Membership in the college is conferred on individuals of acknowledged national stature who have distinguished themselves during careers of notable dedication, exceptional service and outstanding achievement. Fewer than ten new Fellows are created each year, but almost 200 persons have been so honored to date. The majority are still living and most are still active in the theatre to some degree.

The College meets each year at the John F. Kennedy Center for the Performing Arts in Washington, D.C. in conjunction with the Kennedy Center/American College Theatre Festival. Festival participants are invited to the College of Fellows Annual Lecture, which honors Roger L. Stevens, founder and first Chairman of the Center. Each year one of the Fellows is selected to give a lecture on the topic of his or her choice. On the eve of the meeting day, Fellows and their guests honor the new class of Fellows-Elect at the College's Annual Dinner.

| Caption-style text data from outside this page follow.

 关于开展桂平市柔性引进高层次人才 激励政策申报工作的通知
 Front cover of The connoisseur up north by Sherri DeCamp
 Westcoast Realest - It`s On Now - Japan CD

The college bestows its public recognition and honors in order to encourage and promote excellence in research and creativity in both the educational and the professional theatre. Among the Fellows are actors, theatre critics, costume designers, directors, scene designers, playwrights, lighting designers, producers and administrators, research scholars, and teachers, any of whom may be associated with the commercial as well as the educational theatre in America.

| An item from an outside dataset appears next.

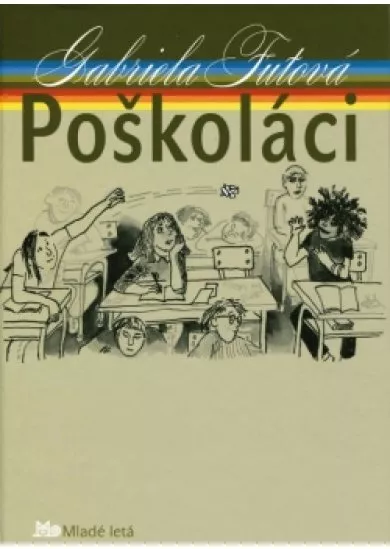 Poškoláci - 3. vydanie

Each year at the annual meeting, and in individual sessions elsewhere during the year, distinguished members of the organization are interviewed on video tape in order to preserve the history of American theatre with which they have been involved. A history of the Fellows was published in 1995: American Theatre Fellows: the First Thirty Years, edited by Jed H. Davis and an advisory board consisting of the dean and deans emeriti of the College. The interview video tapes and other archival materials of the Fellows are preserved at the University of Texas Libraries, Austin, Texas.

Among those on whom membership has been conferred are Edward Albee, Joseph Anthony, Avery Brooks, Jack Clay, Richard L. Coe, Moses Gunn, Richard G. Fallon, Zelda Fichandler, Gerald Freedman, Rev. Gilbert V. Hartke, O.P., Julia Heflin, Fay Kanin, Jerome Lawrence, Ming Cho Lee, Romulus Linney, Margaret E. Lynn, Davey Marlin-Jones, Marshall W. Mason, Mark Medoff, Arnold Moss, Donn B. Murphy, Frederick O'Neal, Craig Noel, Jose Quintero, Lloyd Richards, George Schaefer, Barrie Stavis, Ezra Stone, Jennifer Tipton and Winifred Mary Ward.